Judge of the COMESA Court of Justice
- Incumbent
- Assumed office 2015
- Appointed by: King Mswati III

Personal details
- Profession: Attorney, Judge

= Qinisile Mabuza =

Liswati judge

Qinisile Mabuza is a Liswati judge, and was the first female judge appointed in Eswatini. She was also the first female attorney when she was appointed in 1978.

==Career==
Qinisile Mabuza became the first female attorney in Eswatini when she was admitted in 1978, and went on to become the first female judge. In 2010, she oversaw a decision which gave Emaswati women equal rights in property ownership, saying that there had been sufficient time since the adoption of the Eswatini Constitution in 2005 "to embark on aggressive law reforms, especially those relating to women who have been marginalised over the years in many areas of the law". She was the only female Liswati judge at this time, although a second female judge has since been appointed. Mabuza was part of a fact finding team which travelled to Zambia on behalf of the International Court of Justice to investigate the circumstances around the suspension of three Judges there.

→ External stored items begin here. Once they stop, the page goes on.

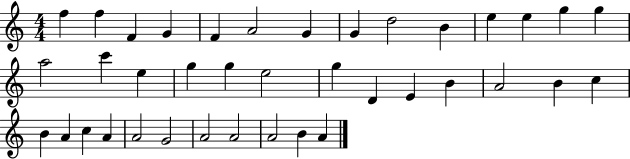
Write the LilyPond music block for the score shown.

{
  \clef treble
  \numericTimeSignature
  \time 4/4
  \key c \major
  f''4 f''4 f'4 g'4 | f'4 a'2 g'4 | g'4 d''2 b'4 | e''4 e''4 g''4 g''4 | \break a''2 c'''4 e''4 | g''4 g''4 e''2 | g''4 d'4 e'4 b'4 | a'2 b'4 c''4 | \break b'4 a'4 c''4 a'4 | a'2 g'2 | a'2 a'2 | a'2 b'4 a'4 | \break \bar "|."
}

The Eswatini media reported in 2014 that Chief Justice Michael Ramodibedi had issued warrants for the arrest of three Judges, and had requested that police monitor the actions of Mabuza. This was denied, but said to be in response to their opposition of appointment of junior Judge Mpendulo Simelane. King Mswati III endorsed Mabuza as a representative on the Common Market for Eastern and Southern Africa (COMESA) Court of Justice in 2015. This was against the advice of Ramodibedi, who had instead pushed for Simelane to represent Eswatini at the court. Mabuza was subsequently voted as the head of the COMESA Court of First Instance in September 2016.